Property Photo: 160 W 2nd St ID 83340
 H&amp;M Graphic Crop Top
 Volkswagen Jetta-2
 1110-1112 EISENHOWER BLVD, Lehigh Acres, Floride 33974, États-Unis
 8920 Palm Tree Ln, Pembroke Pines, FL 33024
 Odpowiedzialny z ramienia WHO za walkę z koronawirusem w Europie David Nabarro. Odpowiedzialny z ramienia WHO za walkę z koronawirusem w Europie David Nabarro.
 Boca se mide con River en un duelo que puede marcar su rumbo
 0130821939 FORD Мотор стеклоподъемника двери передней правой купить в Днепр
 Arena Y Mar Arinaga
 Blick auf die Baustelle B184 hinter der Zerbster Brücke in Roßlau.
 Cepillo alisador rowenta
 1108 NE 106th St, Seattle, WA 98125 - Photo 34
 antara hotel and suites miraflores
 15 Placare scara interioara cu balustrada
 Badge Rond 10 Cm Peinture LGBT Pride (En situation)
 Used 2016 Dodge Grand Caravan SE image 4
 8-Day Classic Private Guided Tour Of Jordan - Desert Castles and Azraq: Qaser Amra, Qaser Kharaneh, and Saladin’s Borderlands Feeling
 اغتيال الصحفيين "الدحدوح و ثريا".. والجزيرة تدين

**YOUR ASSIGNMENT**
Every line of the data is to be retyped without alteration.

**EXPECTED ANSWER**
Property Photo: 160 W 2nd St ID 83340
 H&amp;M Graphic Crop Top
 Volkswagen Jetta-2
 1110-1112 EISENHOWER BLVD, Lehigh Acres, Floride 33974, États-Unis
 8920 Palm Tree Ln, Pembroke Pines, FL 33024
 Odpowiedzialny z ramienia WHO za walkę z koronawirusem w Europie David Nabarro. Odpowiedzialny z ramienia WHO za walkę z koronawirusem w Europie David Nabarro.
 Boca se mide con River en un duelo que puede marcar su rumbo
 0130821939 FORD Мотор стеклоподъемника двери передней правой купить в Днепр
 Arena Y Mar Arinaga
 Blick auf die Baustelle B184 hinter der Zerbster Brücke in Roßlau.
 Cepillo alisador rowenta
 1108 NE 106th St, Seattle, WA 98125 - Photo 34
 antara hotel and suites miraflores
 15 Placare scara interioara cu balustrada
 Badge Rond 10 Cm Peinture LGBT Pride (En situation)
 Used 2016 Dodge Grand Caravan SE image 4
 8-Day Classic Private Guided Tour Of Jordan - Desert Castles and Azraq: Qaser Amra, Qaser Kharaneh, and Saladin’s Borderlands Feeling
 اغتيال الصحفيين "الدحدوح و ثريا".. والجزيرة تدين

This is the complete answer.